Depuis sa thèse de 2002 sur Isabelle de France (1225-1270), sœur de Louis IX (1214-1270) et fondatrice du monastère des sœurs franciscaines de Longchamp, Sean L. Field n’a cessé d’étudier les “saintes femmes” du XIIIe siècle. Le livre Sainteté de cour dont les éditions de l’EHESS nous offrent l’élégante traduction (confiée à un autre éminent spécialiste de la vie religieuse féminine au Moyen Âge, Jacques Dalarun) est donc l’aboutissement de nombreuses études érudites [1]. De celles-ci, il a conservé les résultats sans nécessairement en reprendre les détails, si bien que son ouvrage a la clarté et la netteté de celui qui, fort d’une grande érudition et d’une parfaite maîtrise de son sujet, n’a plus besoin d’en faire étalage et peut désormais aller aux résultats et proposer une lecture qui donne du sens à son sujet.

Saintes femmes : six dossiers en forme d’histoires vraies

En l’occurrence, Sean Field a souhaité croiser deux historiographies qui dialoguent peu entre elles, celle de l’histoire politique des rois de France capétiens du XIIIe siècle et celle des mulieres sanctae de tous types, de plus en plus visibles en ce même siècle.
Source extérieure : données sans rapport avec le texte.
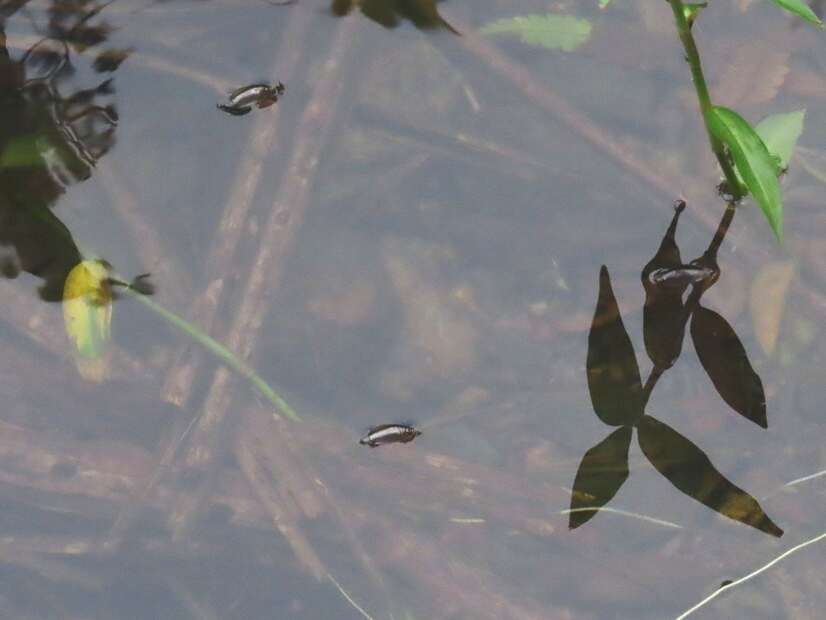 Image of Dineutus longimanus portoricensis Ochs 1924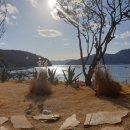 외도널서리 이미지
Il soutient ainsi l’idée que les saintes femmes, à commencer par Isabelle de France, ont eu un rôle majeur et méconnu dans la construction de la réputation de sainteté de la lignée capétienne avant que ce même pouvoir n’en vienne, à partir du règne de Philippe III (1270-1285) et surtout de Philippe IV le Bel (1285-1314), à s’en méfier puis à les combattre. S. Field conduit ainsi avec une grande clarté son lecteur à travers l’histoire politique du XIIIe siècle capétien en montrant la place de ces femmes et surtout les réactions (parfois contrastées) des hommes de pouvoir à chaque étape marquante de son histoire.
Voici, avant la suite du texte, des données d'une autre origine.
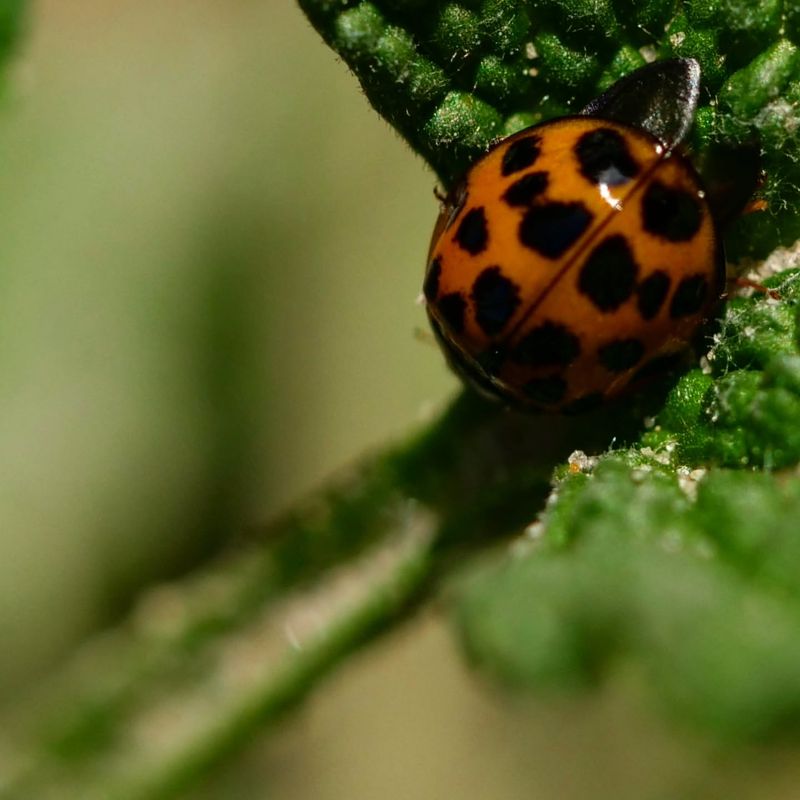 Ladybugs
Le lecteur pourra ainsi suivre pas à pas le récit que propose l’auteur au fil de l’ouvrage. Mais d’autres lectures sont aussi possibles. L’argumentation s’appuie pour l’essentiel sur six figures féminines (Isabelle de France, Douceline de Digne, Élisabeth de Spalbeek, Paupertas de Metz, Margueronne de Bellevilette et Marguerite Porete) : bien que la même figure apparaisse dans différents chapitres au gré des réécritures médiévales de sa vie, l’auteur donne suffisamment d’éléments pour que l’on puisse s’intéresser isolément à chacune d’elles.

On peut aussi être sensible à la réflexion historiographique qui parcourt l’ouvrage. Celui-ci repose en effet sur une série de dossiers dans lesquels l’auteur suit en détail un document précis (y compris des documents d’archives là où les historiens s’arrêtent souvent aux sources narratives) dont il propose une analyse critique, qui est l’occasion de s’interroger sur les possibilités de l’histoire et notamment sur le travail des chroniqueurs et des hagiographes médiévaux. D’une façon qui semblerait presque naïve si elle n’était si visiblement réfléchie – et à l’évidence ancrée dans les réflexions politiques actuelles autour des fake news – S. Field affirme la « vérité » du propos historique : « C’est – je l’espère, en dépit des inévitables imperfections – une histoire vraie, au sens où elle repose sur les preuves les plus irréfutables que l’on puisse produire » (p. 27). L’établissement de ces « preuves » (mot qui n’est pas sans évoquer le vocabulaire de l’histoire méthodique) conduit à la critique constructive du travail des chroniqueurs et des hagiographes dont S. Field se demande régulièrement s’ils ont « inventé » leur propos [2].

La vérité en question

Le fait qu’il soit parfois possible de croiser plusieurs types de sources – ainsi la survivance d’une archive de la cour qui atteste que Charles d’Anjou a nommé un officier à Marseille à la demande de sa « commère » Douceline de Digne – permet d’examiner de plus près le travail de ces écrivains médiévaux et de conclure que, s’ils manipulent les faits au service d’un objectif précis (passer sous silence les tensions entre Isabelle de France et les autorités ecclésiastiques, pour Agnès d’Harcourt ; montrer que Douceline a été clairvoyante, pour Felipa de Porcelet ; effacer les accusations qui pourraient noircir les Capétiens, pour les chroniqueurs de Saint-Denis), s’ils brodent autour d’histoires croustillantes, s’ils se laissent influencer par toutes sortes de préjugés et de stéréotypes, ils ne montrent « aucune propension particulière à inventer des histoires de toutes pièces » (p. 193). Dès lors, tâche à l’historien actuel de « faire le tri entre les faits et les bouffées d’affabulation » (p. 193) et d’élucider les stratégies d’écriture afin d’établir ces « preuves » que sont les différents chapitres du livre autour des différentes affaires.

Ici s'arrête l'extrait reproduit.